Le Fils de Jean-Jacques
Un jour de novembre 1746, une sage-femme dépose à l'hospice des Enfants-trouvés du parvis Notre-Dame un nourrisson âgé de deux jours. Il est le fils d'un dénommé Jean-Jacques qui se pique d'écrire des opéras, des essais et qui fréquente les philosophes. Tandis que l'enfant, Baptiste, est envoyé en nourrice à la campagne, son père écrit le Discours sur les Sciences et les Arts.
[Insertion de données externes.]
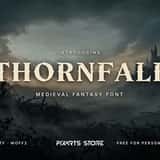 Thornfall spiked medieval fantasy font, cover with the font name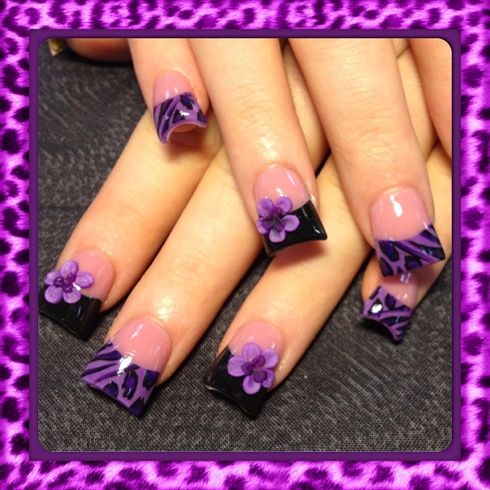 Purple and Black Flower Nail Art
Ce qui lui vaudra le premier prix de l'Académie de Dijon et lui permet, lui le provincial, de conquérir la capitale.
Malmené, passant de famille en famille, Baptiste finira toutefois par trouver un foyer, des parents adoptifs ainsi que des frères et sueurs qui seront sa famille. Il grandit dans cette France rurale, dure et simple, de Louis XV le Bien Aimé. L'abandon d'enfant, à cette époque, est pratique courante plus qu'affaire de circonstance. Et ledit Jean-Jacques abandonnera, successivement quatre bébés dont il n'a cure. Pourtant, Baptiste, son aîné, restera sa mauvaise conscience. Et, au soir de sa vie, il tentera, en vain, d'en retrouver la trace. C'est à un très brillant exercice que s'est livrée Isabelle Marsay, avec ce Fils de Jean-Jacques, donnant à voir le quotidien d'une époque paradoxale : Siècle des Lumières et ultimes heures de la féodalité, décor naturel d'une histoire (presque authentique) au moins aussi paradoxale un homme, sensible et intelligent, abandonne ses enfants en même temps qu'il écrit des traités d'éducation qui feront trace jusqu'à nos jours. Pour autant, c'est un vrai drame de facture classique (avec des personnages hauts en couleurs, de l'amour et de la haine, de la cupidité et de la générosité...) qu'Isabelle Marsay en romancière confirmée nous donne, là, confirmation de son talent.